_Information given:_
--- START ---

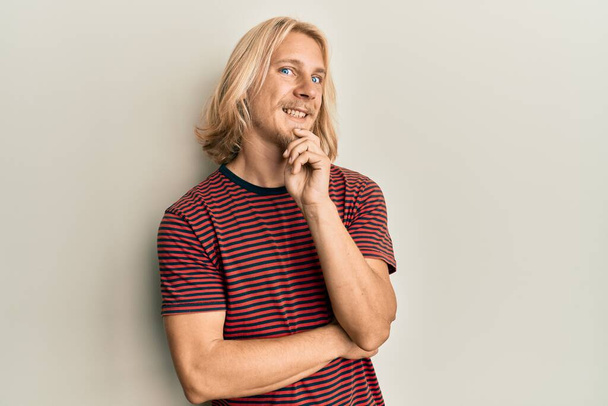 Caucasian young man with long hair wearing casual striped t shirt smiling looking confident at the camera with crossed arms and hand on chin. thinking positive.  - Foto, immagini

--- END ---
--- START ---

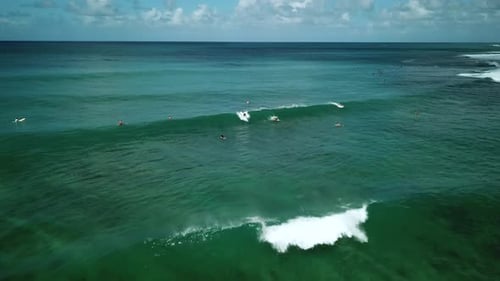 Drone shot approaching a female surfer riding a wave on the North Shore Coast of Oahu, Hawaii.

--- END ---
--- START ---

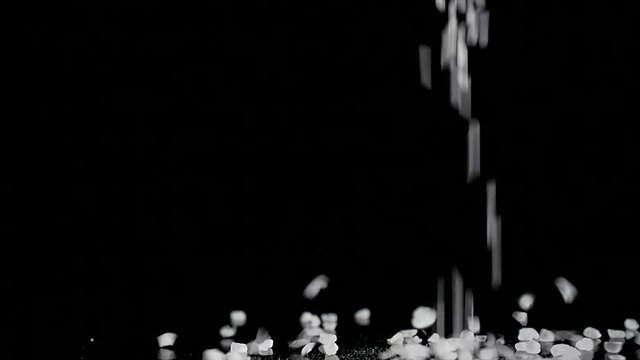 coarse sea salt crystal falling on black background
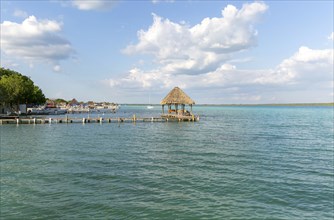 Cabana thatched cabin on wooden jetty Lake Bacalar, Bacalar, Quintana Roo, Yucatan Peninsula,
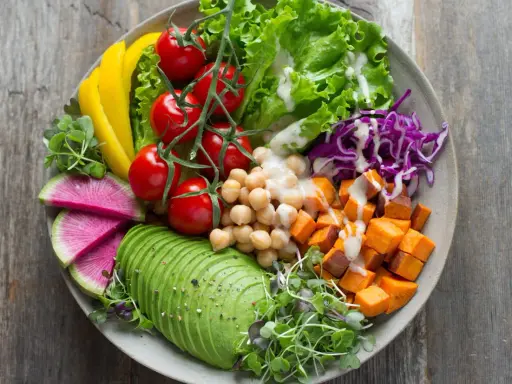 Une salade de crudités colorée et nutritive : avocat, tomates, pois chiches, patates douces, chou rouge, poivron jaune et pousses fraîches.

--- END ---

Looking at the listing above, which lines run from the one containing "coarse sea salt" through the one containing "Une salade de"? Print exactly those, ends included, pictures excluded.

 coarse sea salt crystal falling on black background
 Cabana thatched cabin on wooden jetty Lake Bacalar, Bacalar, Quintana Roo, Yucatan Peninsula,
 Une salade de crudités colorée et nutritive : avocat, tomates, pois chiches, patates douces, chou rouge, poivron jaune et pousses fraîches.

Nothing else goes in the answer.